____ Extracted data

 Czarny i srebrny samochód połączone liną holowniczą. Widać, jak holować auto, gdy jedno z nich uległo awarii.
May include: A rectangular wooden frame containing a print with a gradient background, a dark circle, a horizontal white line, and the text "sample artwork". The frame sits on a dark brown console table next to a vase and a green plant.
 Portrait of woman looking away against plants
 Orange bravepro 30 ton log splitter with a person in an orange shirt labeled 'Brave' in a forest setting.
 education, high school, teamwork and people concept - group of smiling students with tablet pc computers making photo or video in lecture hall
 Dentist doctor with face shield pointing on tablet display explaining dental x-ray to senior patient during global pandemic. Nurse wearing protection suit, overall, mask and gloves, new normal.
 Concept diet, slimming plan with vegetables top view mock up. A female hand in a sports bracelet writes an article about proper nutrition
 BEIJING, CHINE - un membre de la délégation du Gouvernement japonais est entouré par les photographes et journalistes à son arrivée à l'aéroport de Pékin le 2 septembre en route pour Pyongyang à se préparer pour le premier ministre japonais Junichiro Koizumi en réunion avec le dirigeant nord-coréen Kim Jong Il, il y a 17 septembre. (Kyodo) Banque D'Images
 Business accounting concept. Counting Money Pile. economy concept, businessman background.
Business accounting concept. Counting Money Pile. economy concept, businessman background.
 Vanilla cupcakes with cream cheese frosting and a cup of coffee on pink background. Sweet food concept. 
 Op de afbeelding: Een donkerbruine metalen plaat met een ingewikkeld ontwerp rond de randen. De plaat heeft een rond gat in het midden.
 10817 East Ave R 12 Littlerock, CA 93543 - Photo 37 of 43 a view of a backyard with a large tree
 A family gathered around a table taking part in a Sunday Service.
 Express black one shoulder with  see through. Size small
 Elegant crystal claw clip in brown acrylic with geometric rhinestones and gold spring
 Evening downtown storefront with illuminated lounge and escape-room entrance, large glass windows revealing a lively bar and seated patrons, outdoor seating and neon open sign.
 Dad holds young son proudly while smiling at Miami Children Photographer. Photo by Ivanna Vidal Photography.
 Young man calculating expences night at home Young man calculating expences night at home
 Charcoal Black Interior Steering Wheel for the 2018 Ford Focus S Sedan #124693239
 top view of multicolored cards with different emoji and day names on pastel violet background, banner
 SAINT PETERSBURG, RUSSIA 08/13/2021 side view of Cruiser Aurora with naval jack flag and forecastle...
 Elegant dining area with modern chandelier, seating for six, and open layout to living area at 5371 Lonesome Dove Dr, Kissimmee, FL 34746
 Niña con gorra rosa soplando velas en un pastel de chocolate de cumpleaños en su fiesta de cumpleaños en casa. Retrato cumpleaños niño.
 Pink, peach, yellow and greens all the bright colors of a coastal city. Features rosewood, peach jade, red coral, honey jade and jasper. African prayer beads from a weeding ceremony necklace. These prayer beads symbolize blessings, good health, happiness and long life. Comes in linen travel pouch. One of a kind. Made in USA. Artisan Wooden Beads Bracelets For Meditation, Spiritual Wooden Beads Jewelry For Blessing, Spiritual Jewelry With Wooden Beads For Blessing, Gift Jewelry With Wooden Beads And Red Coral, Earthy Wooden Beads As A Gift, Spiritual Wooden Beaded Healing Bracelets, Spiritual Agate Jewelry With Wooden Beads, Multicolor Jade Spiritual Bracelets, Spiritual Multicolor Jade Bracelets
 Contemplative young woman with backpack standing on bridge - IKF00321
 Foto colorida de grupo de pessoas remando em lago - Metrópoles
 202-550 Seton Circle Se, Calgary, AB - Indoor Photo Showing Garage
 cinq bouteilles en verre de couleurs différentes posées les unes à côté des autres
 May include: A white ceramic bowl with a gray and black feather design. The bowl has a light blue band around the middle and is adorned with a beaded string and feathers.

________

Work order -> Up to and including the line with "Portrait of woman", repeat the data exactly, starting from its first line; nothing else belongs in the response.

Your solution ->
 Czarny i srebrny samochód połączone liną holowniczą. Widać, jak holować auto, gdy jedno z nich uległo awarii.
May include: A rectangular wooden frame containing a print with a gradient background, a dark circle, a horizontal white line, and the text "sample artwork". The frame sits on a dark brown console table next to a vase and a green plant.
 Portrait of woman looking away against plants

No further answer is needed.